I noted that my new friend spoke English with the precise care of a
foreigner. She confirmed these speculations, telling me that since her
family and their friends speak only Yiddish among themselves, she did
not learn any English until after attending public school. She told me
that her name was Zenita Liebermann but recently, in an attempt to
Americanize themselves, her parents had changed their name from
“Liebermann” to “Lane.” Besides being thoroughly instructed in Hebrew by
her father while growing up and also in school, she said she was now
spending all her spare time studying Arabic. However, with no previous
warning, Zenita dropped out of class and although I continued to attend
all of his lectures to the conclusion of the course, Zenita never
returned. Months passed and I had almost forgotten about Zenita when
suddenly she called and begged me to meet her at the Metropolitan Museum
and go with her to look at the special exhibition of exquisite Arabic
calligraphy and ancient illuminated manuscripts of the Quran. During our
tour of the museum, Zenita told me how she had embraced Islam with two
of her Palestinian friends as witnesses.

I inquired, “Why did you decide to become a Muslim?” She then told me
that she had left Professor Katsh’s class when she fell ill with a
severe kidney infection.

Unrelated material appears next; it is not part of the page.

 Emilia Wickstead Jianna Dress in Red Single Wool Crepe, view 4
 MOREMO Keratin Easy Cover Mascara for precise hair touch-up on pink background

Her condition was so critical, she told me, her
mother and father had not expected her to survive. “One afternoon while
burning with fever, I reached for my Holy Quran on the table beside by
bed and began to read and while I recited the verses, it touched me so
deeply that I began to weep and then I knew I would recover. As soon as
I was strong enough to leave my bed, I summoned two of my Muslim friends
and took the oath of the “Shahadah” or Confession of Faith.”

Zenita and I would eat our meals in Syrian restaurants where I acquired
a keen taste for this tasty cooking. When we had money to spend, we
would order Couscous, roast lamb with rice or a whole soup plate of
delicious little meatballs swimming in gravy scooped up with loaves of
unleavened Arabic bread. And when we had little to spend, we would eat
lentils and rice, Arabic style, or the Egyptian national dish of black
broad beans with plenty of garlic and onions called “Ful”.

While Professor Katsh was lecturing thus, I was comparing in my mind
what I had read in the Old Testament and the Talmud with what was taught
in the Quran and Hadith and finding Judaism so defective, I was
converted to Islam.

Q: Were you scared that you might not be accepted by the Muslims?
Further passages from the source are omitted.